# Converting a Keras model to ONNX

In the steps that follow, you will convert Keras model you just trained to the ONNX format. This will enable you to use this model for classification in a very broad range of environments, outside of Azure Databricks including:

- Web services
- iOS and Android mobile apps
- Windows apps
- IoT devices

Furthermore, ONNX runtimes and libraries are also designed to maximize performance on some of the best hardware in the industry. In this lab, we will compare the Inference performance of the ONNX vs Keras models.

First we will load the trained Keras model from file, and then convert the model to ONNX.

## Load the Keras Model

Load both the saved Keras model, and the associated vectorizer. We will convert the Keras model to ONNX format, however, we also need the vectorizer to transform the input data before making inferences.

In [None]:
import os
import numpy as np
import pandas as pd

np.random.seed(125)

from keras.models import load_model
from sklearn.externals import joblib

output_folder = './output'
model_filename = 'final_model.hdf5'

keras_model = load_model(os.path.join(output_folder, model_filename))
print(keras_model.summary())

vectorizer_name = 'vectorizer'
vectorizer = joblib.load(os.path.join(output_folder, vectorizer_name))
print('{} loaded!'.format(vectorizer_name))

## Convert to ONNX

Convert the loaded Keras model to ONNX format, and save the ONNX model to the deployment folder.

In [None]:
import onnxmltools

deployment_folder = 'deploy'
onnx_export_folder = 'onnx'

# Convert the Keras model to ONNX
onnx_model_name = 'claim_classifier.onnx'
converted_model = onnxmltools.convert_keras(keras_model, onnx_model_name, target_opset=7)
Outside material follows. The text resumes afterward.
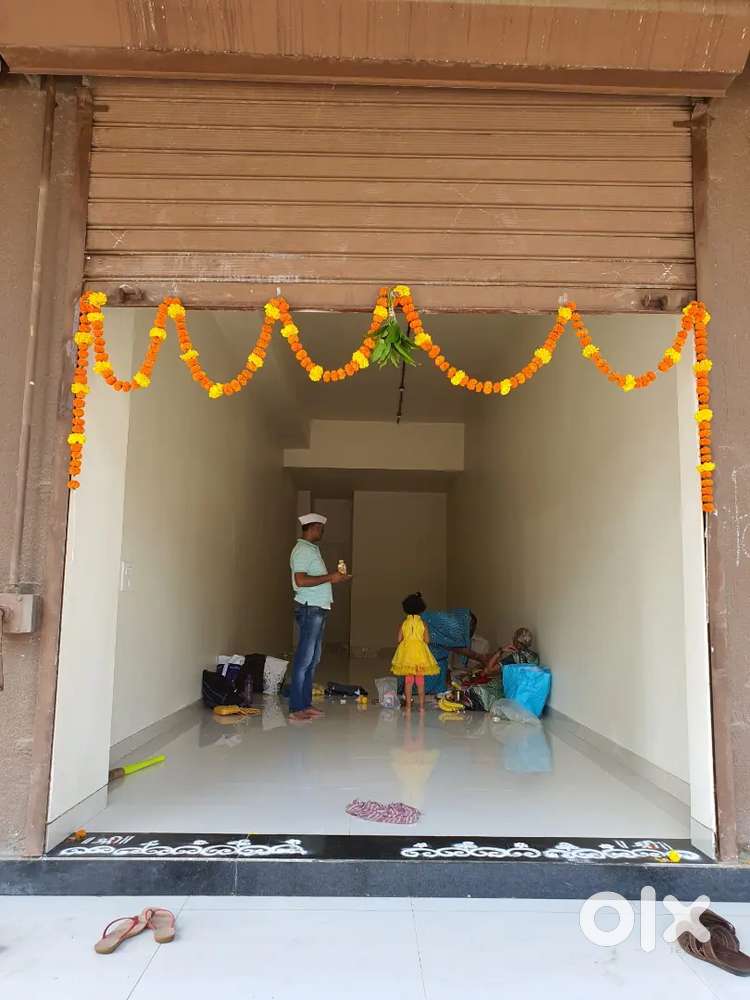 SPACIOUS SHOP FOR RENT IN ULWE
# Save the model locally...
onnx_model_path = os.path.join(deployment_folder, onnx_export_folder)
os.makedirs(onnx_model_path, exist_ok=True)
onnxmltools.utils.save_model(converted_model, os.path.join(onnx_model_path,onnx_model_name))
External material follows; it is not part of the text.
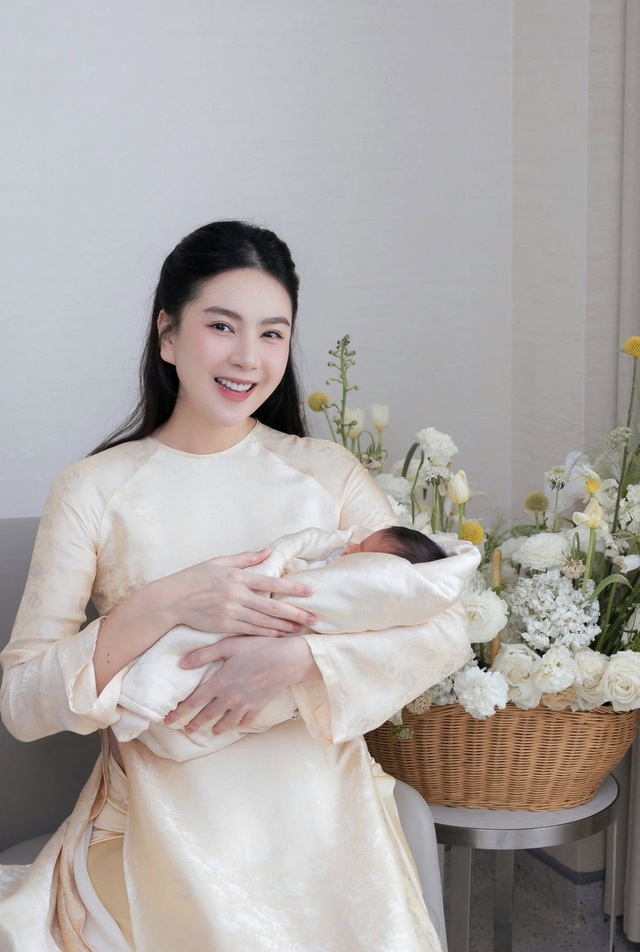 Bé Panda chỉ hơn 2 tháng đã "mở khóa" kĩ năng mới khiến Mai Ngọc phải tự hào "bõ công mẹ"- Ảnh 1. Bé Panda chỉ hơn 2 tháng đã "mở khóa" kĩ năng mới khiến Mai Ngọc phải tự hào "bõ công mẹ"- Ảnh 1.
## Make Inference using the ONNX Model

- Create an ONNX runtime InferenceSession
- Review the expected input shape to make inferences
- Prepare test data
- Make inferences using both the ONNX and the Keras Model on the test data

### ONNX Runtime InferenceSession

In [None]:
import onnxruntime
# Load the ONNX model and observe the expected input shape
onnx_session = onnxruntime.InferenceSession(
    os.path.join(os.path.join(deployment_folder, onnx_export_folder), onnx_model_name))
input_name = onnx_session.get_inputs()[0].name
output_name = onnx_session.get_outputs()[0].name
print('Expected input shape: ', onnx_session.get_inputs()[0].shape)

### Prepare test data

Load the helper code to normalize the test data

In [None]:
import sys
data_location = './data'
sys.path.append(data_location)
import textanalytics as ta

Normalize and transform the test data

In [None]:
test_claim = ['I crashed my car into a pole.']
test_claim = ta.normalize_corpus(test_claim)
test_claim = vectorizer.transform(test_claim)
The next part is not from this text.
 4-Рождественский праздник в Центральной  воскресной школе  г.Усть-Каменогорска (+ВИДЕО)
test_claim = test_claim.toarray().astype(np.float32)
print(test_claim.shape)

### Make Inferences

Make inferences using both the ONNX and the Keras Model on the test data

In [None]:
# Run an ONNX session to classify the sample.
print('ONNX prediction: ', onnx_session.run([output_name], {input_name : test_claim}))

# Use Keras to make predictions on the same sample
print('Keras prediction: ', keras_model.predict(test_claim))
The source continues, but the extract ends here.